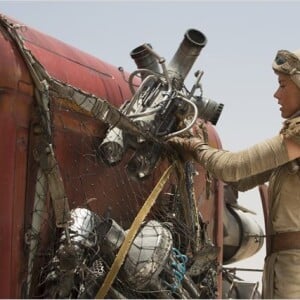 Daisy Ridley dans Star Wars : Le Réveil de la Force.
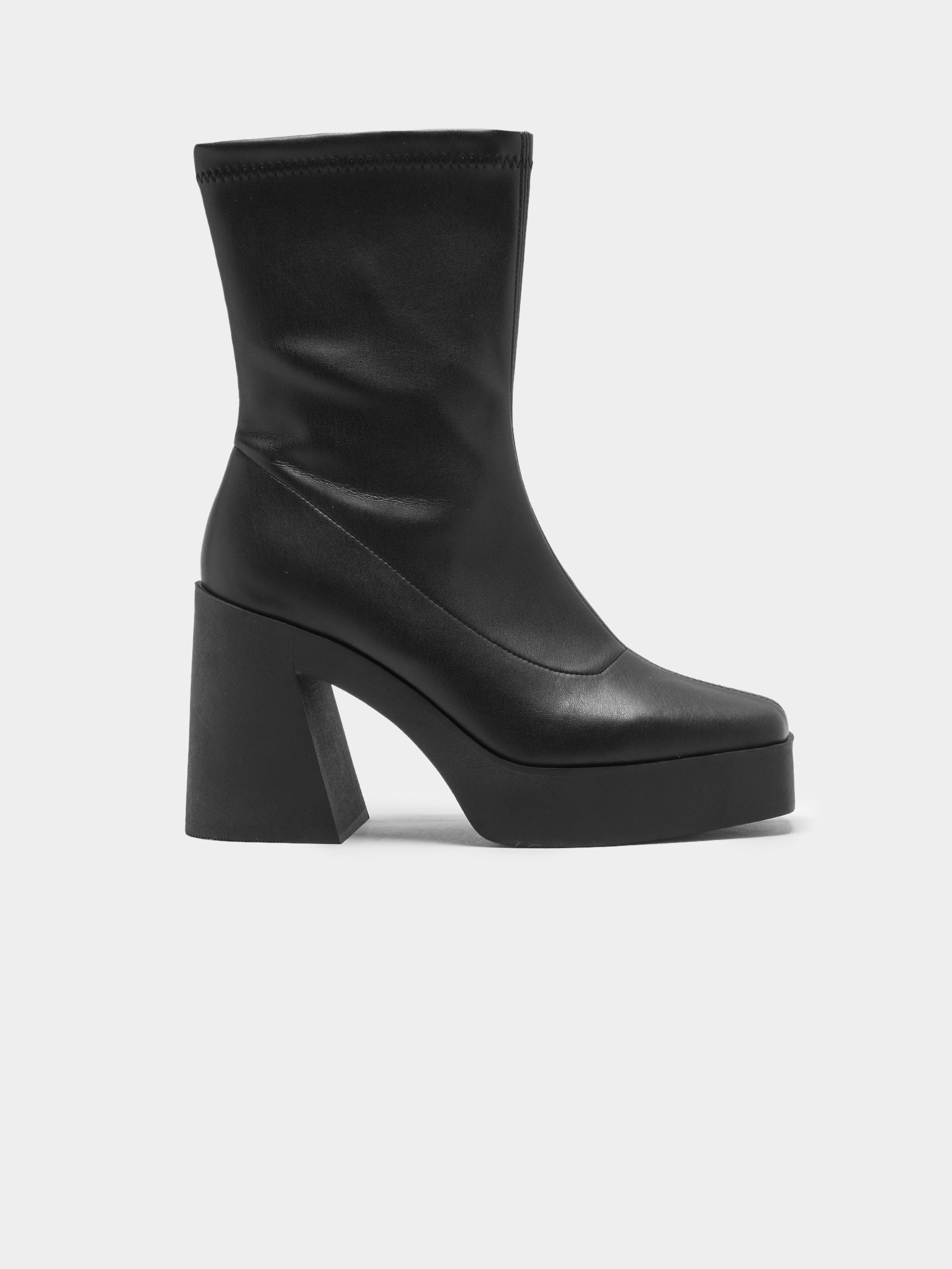 Womens Jagger Platform Boots in Black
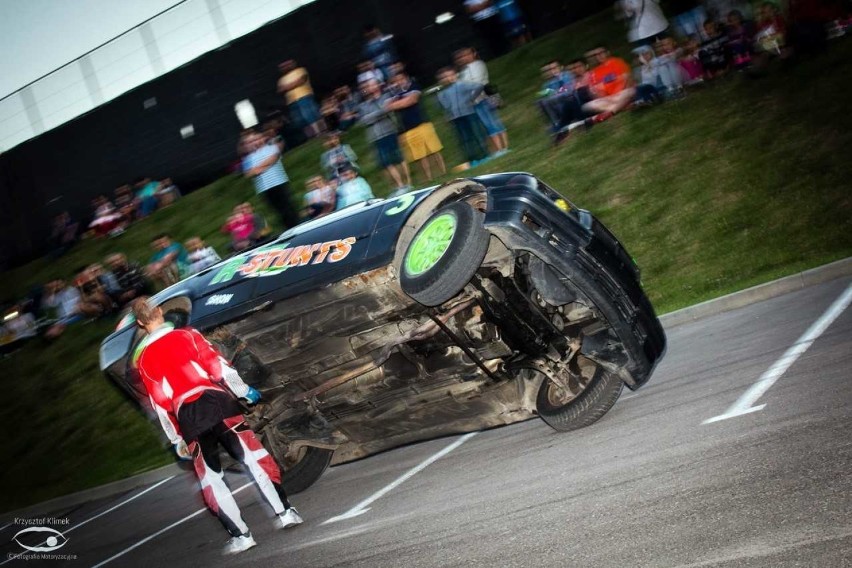 Monster trucki i kaskaderzy na pokazach w Siemiatyczach. Mamy dla Was wejściówki! [zdjecia]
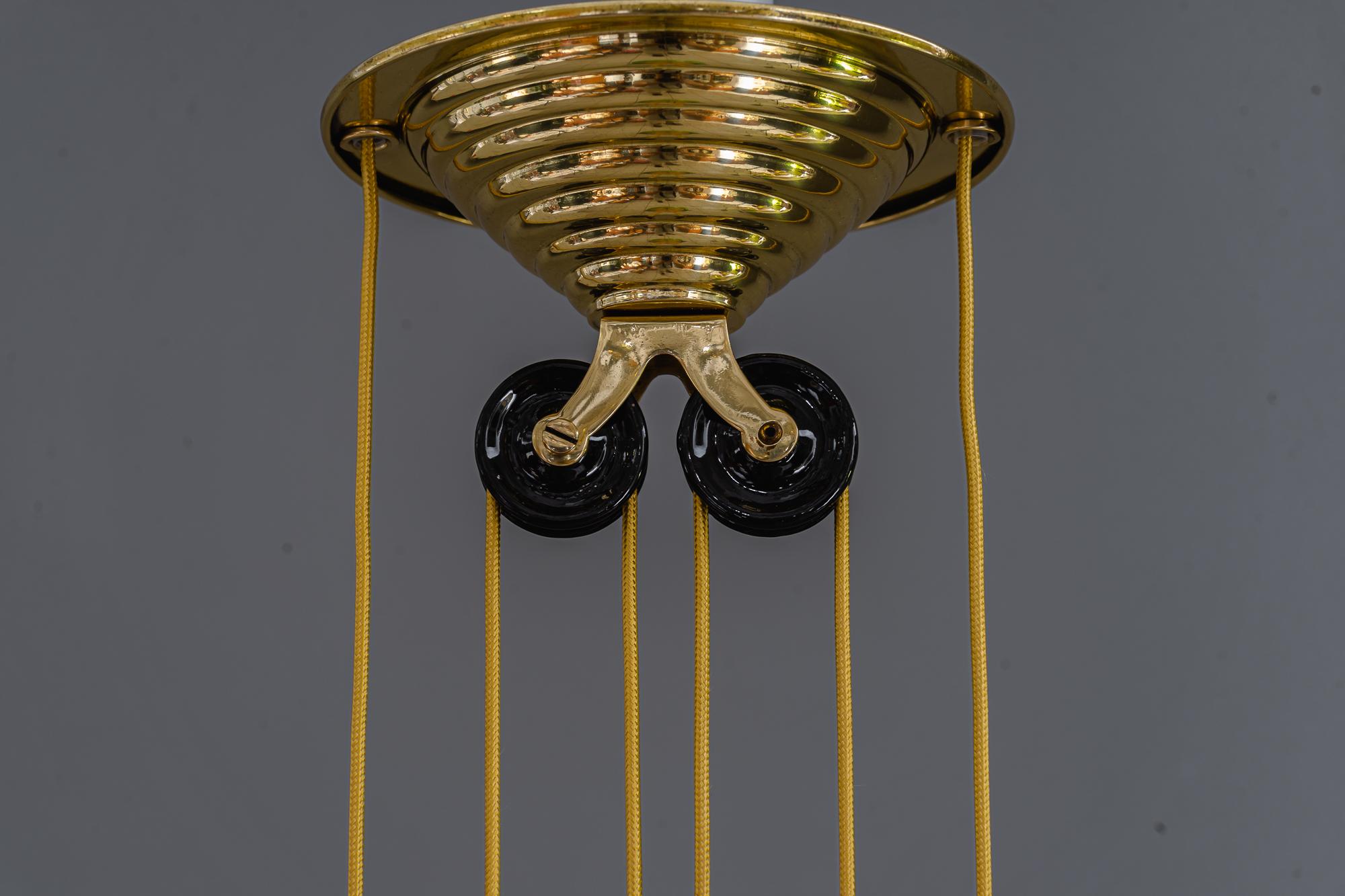 Adjustable art deco pendant vienna with original opal glass shade 1920s in vendita 1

▶ _DIRECTIONS FOR THIS TASK_
Reproduce, word for word, the lines from the one containing "Monster trucki i" through the final line above. Leave every picture out.

▶ _ANSWER SECTION_
 Monster trucki i kaskaderzy na pokazach w Siemiatyczach. Mamy dla Was wejściówki! [zdjecia]
 Adjustable art deco pendant vienna with original opal glass shade 1920s in vendita 1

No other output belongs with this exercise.